National Young Readers week is Nov. 9-15, which makes it a good time to revisit all things related to reading and children.

As a longtime educator, I feel one of the more important things for parents to understand about children learning to read is that it isn’t something that every student “eventually does.” It’s not something that most kids can just “pick up.” And, it’s not like learning to speak at all. Learning to read is a skill that must be practiced if mastery is to occur – just like learning to kick a soccer ball, play a piano, or add and subtract numbers. Some kids will excel at athletic endeavors. Some will thrive in music. Others will love math and find it comes easily to them. And, for around half the population, reading will be their forte.

For the rest, learning to read might take a little or a lot of work. But that is very important and worthwhile work.

Learning to read

When a child is learning to read, four significant things happen in the brain—all at the exact same time—each time he encounters a word. Here’s an example:

When our brains read the word “dog,” the following occurs:

  • The phonological processing part of our brain identifies and says three sounds: /d/ /ŏ/ /g/
  • The orthographic processing part of brain identifies and names the shapes of the letters “D,” “O,” and “G.”
  • The meaning processing part of our brain defines the word as a furry four-legged animal.
  • The contextual processing part of our brain situates the word in our own personal experiences—I love dogs, I dislike dogs, I have a dog, my dog needs to go to the vet—something relevant and personal between you and the word

All of these events happen simultaneously and in a split second. When a child struggles with reading, typically one or more of these areas is the weak link. Parents can use the following techniques to guide their children in each area:

  • Phonological processing: practicing rhyming words, identifying individual sounds in words, making and breaking compound words, counting syllables in words, and counting individual sounds in words.
  • Orthographic processing: practicing writing letters of the alphabet – both in and out of order – as well as identifying letters
  • Meaning processing: develop and expand vocabulary – the more words your child knows and can use the more words the brain can access when it is looking at the letters and sounds in a word.
  • Contextual processing: develop this through experiencing and doing things, but also by hearing about things during read-alouds. You can have a personal response to the word astronaut even if you’ve never been to space: “I’d love to be an astronaut and explore space!” or “Astronauts seem very brave and I don’t think I’d like to do that.” The more we read aloud to students, the more they are exposed to words, sounds, letters, and even experiences. The more exposed students are to words, sounds, letters, and experiences, the easier the reading process can be for them.

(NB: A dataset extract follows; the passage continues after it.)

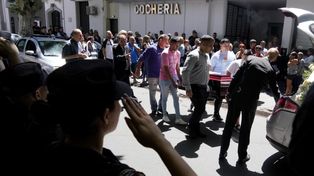 Dolor en el velorio de Joel Ruiz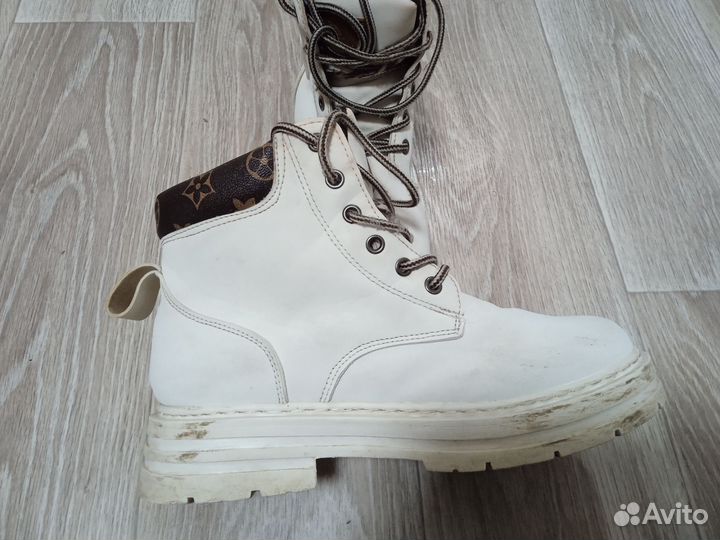 Ботинки женские 39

During National Young Readers Week, I encourage all parents to take time to read aloud even more than you normally do with your family and young readers. Talk about the words in the book that are interesting or difficult. Perhaps you can write those words where the family can see the word as a reminder to use it in conversations. With young learners (ages 3-5), you can practice playing rhyming games, counting the number of sounds in words, or naming the first sound in a word. These are simple ways to make big strides in your young reader’s learning.